Stored items from a collection ->
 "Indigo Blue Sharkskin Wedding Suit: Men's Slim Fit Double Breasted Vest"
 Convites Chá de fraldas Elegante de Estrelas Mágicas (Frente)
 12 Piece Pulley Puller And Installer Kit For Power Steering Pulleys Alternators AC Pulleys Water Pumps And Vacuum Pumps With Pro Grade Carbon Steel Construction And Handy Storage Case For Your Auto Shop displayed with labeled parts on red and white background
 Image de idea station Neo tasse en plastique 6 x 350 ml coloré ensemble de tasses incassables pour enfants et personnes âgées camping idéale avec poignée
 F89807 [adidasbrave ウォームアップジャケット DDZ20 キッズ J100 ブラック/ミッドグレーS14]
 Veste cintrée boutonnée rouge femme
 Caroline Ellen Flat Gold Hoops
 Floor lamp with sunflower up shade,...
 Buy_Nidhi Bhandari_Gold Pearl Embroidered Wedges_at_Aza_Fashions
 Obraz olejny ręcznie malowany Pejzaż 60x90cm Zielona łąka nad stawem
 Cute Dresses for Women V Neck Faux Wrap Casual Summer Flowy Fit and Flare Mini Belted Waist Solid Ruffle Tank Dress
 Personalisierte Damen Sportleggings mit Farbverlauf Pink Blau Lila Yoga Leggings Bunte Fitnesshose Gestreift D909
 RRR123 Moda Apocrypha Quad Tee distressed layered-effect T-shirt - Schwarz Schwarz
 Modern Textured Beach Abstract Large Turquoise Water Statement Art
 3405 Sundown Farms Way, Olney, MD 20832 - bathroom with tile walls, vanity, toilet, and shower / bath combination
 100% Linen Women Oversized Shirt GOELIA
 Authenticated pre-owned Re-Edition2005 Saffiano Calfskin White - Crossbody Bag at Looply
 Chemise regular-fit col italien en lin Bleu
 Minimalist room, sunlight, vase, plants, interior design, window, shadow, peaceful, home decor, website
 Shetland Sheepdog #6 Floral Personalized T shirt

What you need to do ->
Each entry above is to be transcribed word for word.

Expected answer ->
 "Indigo Blue Sharkskin Wedding Suit: Men's Slim Fit Double Breasted Vest"
 Convites Chá de fraldas Elegante de Estrelas Mágicas (Frente)
 12 Piece Pulley Puller And Installer Kit For Power Steering Pulleys Alternators AC Pulleys Water Pumps And Vacuum Pumps With Pro Grade Carbon Steel Construction And Handy Storage Case For Your Auto Shop displayed with labeled parts on red and white background
 Image de idea station Neo tasse en plastique 6 x 350 ml coloré ensemble de tasses incassables pour enfants et personnes âgées camping idéale avec poignée
 F89807 [adidasbrave ウォームアップジャケット DDZ20 キッズ J100 ブラック/ミッドグレーS14]
 Veste cintrée boutonnée rouge femme
 Caroline Ellen Flat Gold Hoops
 Floor lamp with sunflower up shade,...
 Buy_Nidhi Bhandari_Gold Pearl Embroidered Wedges_at_Aza_Fashions
 Obraz olejny ręcznie malowany Pejzaż 60x90cm Zielona łąka nad stawem
 Cute Dresses for Women V Neck Faux Wrap Casual Summer Flowy Fit and Flare Mini Belted Waist Solid Ruffle Tank Dress
 Personalisierte Damen Sportleggings mit Farbverlauf Pink Blau Lila Yoga Leggings Bunte Fitnesshose Gestreift D909
 RRR123 Moda Apocrypha Quad Tee distressed layered-effect T-shirt - Schwarz Schwarz
 Modern Textured Beach Abstract Large Turquoise Water Statement Art
 3405 Sundown Farms Way, Olney, MD 20832 - bathroom with tile walls, vanity, toilet, and shower / bath combination
 100% Linen Women Oversized Shirt GOELIA
 Authenticated pre-owned Re-Edition2005 Saffiano Calfskin White - Crossbody Bag at Looply
 Chemise regular-fit col italien en lin Bleu
 Minimalist room, sunlight, vase, plants, interior design, window, shadow, peaceful, home decor, website
 Shetland Sheepdog #6 Floral Personalized T shirt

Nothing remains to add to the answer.